- Directed by: Lek Kitiparaporn
- Written by: Roger Crutchley Kailan
- Story by: Gianfranco Coujoumdjian
- Produced by: Lek Kitaparaporn Dick Randall
- Starring: Robert Walker Jr. Christopher George Woody Strode Nancy Kwan Sorapong Chatree
- Cinematography: Roberto Forges Davanzati
- Edited by: Morris Goodyear
- Music by: Stelvio Cipriani
- Release date: 1982;
- Language: English

= Angkor: Cambodia Express =

1982 film

Angkor: Cambodia Express (Cambogia Express, also known as Kampuchea Express) is a 1982 Thai-Italian adventure-action film produced and directed by Lek Kitiparaporn and starring Robert Walker Jr. and Christopher George.

==Premise==
The setting for the film is in the Cambodian period following the withdrawal of the United States two years prior.
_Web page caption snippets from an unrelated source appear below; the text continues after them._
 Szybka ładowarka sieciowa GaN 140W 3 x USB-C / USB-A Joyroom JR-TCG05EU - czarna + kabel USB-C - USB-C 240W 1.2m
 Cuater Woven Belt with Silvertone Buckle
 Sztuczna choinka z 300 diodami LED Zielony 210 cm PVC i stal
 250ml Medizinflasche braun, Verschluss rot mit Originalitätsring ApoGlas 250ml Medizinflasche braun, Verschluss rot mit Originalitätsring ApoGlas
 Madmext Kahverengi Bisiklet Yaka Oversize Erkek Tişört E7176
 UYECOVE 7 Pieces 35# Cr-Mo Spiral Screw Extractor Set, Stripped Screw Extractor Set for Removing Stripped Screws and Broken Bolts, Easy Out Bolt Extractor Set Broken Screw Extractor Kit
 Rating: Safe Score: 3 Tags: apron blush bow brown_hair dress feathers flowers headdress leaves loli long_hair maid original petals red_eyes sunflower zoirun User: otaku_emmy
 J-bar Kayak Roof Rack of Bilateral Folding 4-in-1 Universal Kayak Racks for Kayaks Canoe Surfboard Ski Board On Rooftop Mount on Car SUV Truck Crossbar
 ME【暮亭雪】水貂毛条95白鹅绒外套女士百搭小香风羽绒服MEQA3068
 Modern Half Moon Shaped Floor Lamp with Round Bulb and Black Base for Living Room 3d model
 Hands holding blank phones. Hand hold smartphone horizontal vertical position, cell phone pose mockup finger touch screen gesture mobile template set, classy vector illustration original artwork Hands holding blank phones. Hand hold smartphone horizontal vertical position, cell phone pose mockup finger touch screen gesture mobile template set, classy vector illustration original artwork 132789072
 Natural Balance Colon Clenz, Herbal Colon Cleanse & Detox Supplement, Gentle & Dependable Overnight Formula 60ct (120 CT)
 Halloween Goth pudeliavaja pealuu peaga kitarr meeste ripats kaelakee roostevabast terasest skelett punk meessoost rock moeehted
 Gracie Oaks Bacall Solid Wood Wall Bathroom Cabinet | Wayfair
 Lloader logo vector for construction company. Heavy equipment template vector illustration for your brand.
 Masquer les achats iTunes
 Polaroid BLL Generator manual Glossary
In this period when Pol Pot reigned, a journalist is searching for his Vietnamese lover who is missing.

== Cast ==
- Robert Walker Jr. as Andrew Cameron
- Christopher George as MacArthur
- Woody Strode as Woody
- Nancy Kwan as Sue
- Sorapong Chatree as Montri
- Lui Leung Wai as Mitr Saren
- Nit Alisa as Mieng
- Suchao Pongwilai as Montri

== Release ==
American audiences didn't see a release of the film until it was released on video in 1986.